Slogans des Bündnisses sind „Ja zu Bürgerbeteiligung und mehr Demokratie!“, „Ja zu modernem Verkehr im ganzen Land!“, „Ja zum Schutz von Umwelt und Bahnhof!“ und „Ja zu Sparsamkeit und Kostenwahrheit!“. Zu bewältigen hat das Aktionsbündnis bis zum 27. November noch eine Herkulesaufgabe. Längst sind die Argumente pro und contra Stuttgart 21 ausgetauscht. Interessierte haben sich vor Monaten eine Meinung gebildet und im März 2011 die schwarz-gelbe Landesregierung abgewählt. In den kommenden Wochen bis zum ersten Advent wird es darauf ankommen, diese Wähler erneut zu mobilisieren.
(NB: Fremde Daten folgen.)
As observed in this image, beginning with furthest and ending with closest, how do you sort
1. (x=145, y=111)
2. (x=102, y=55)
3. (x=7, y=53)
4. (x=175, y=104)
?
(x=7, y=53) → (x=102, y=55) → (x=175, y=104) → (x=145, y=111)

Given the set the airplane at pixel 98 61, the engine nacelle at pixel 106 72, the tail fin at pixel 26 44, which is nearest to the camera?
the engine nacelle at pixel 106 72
Ein Drittel der Wähler muss Ja sagen

Damit in Baden-Württemberg S 21-Gegner am 27. November nicht nur die ersten Kerze auf dem Adventskranz anzünden, sondern auch darüber abstimmen, ob sie oben bleiben möchten, müssen sich die Wahlkämpfer ran halten. Sie müssen die Menschen in der Region davon überzeugen, dass es auch für die Bodensee-Region einen Unterschied macht, ob Stuttgart 21 gebaut wird oder nicht. Das hohe Quorum ist die größte Hürde. Um S 21 zu kippen, müsste landesweit mindestens ein Drittel der Stimmberechtigten gegen Stuttgart 21 stimmen. Das heißt, bei der Volksabstimmung müsste mindestens ein Drittel der Wahlberechtigten ein Kreuzchen bei Ja zum Ausstieg machen.
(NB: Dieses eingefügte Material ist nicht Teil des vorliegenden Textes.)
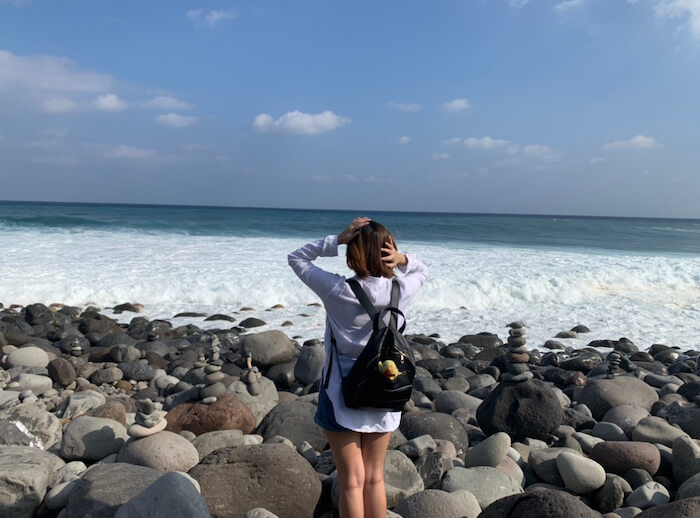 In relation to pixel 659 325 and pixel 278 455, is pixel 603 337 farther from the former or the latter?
pixel 278 455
Stuttgarter Bahnhof ist wie ein KKH

Heruntergebrochen auf Konstanz wären das etwa 20.000 Stimmen oder etwa ähnlich viele wie beim Bürgerentscheid gegen das Konzert- und Kongresszentrum. Dass das Aktionsbündnis ähnlich wie Wähler mobilisieren kann wie die Bürgerintitiave „Nein-zu-Klein-Venedig“ dürfte schwer werden.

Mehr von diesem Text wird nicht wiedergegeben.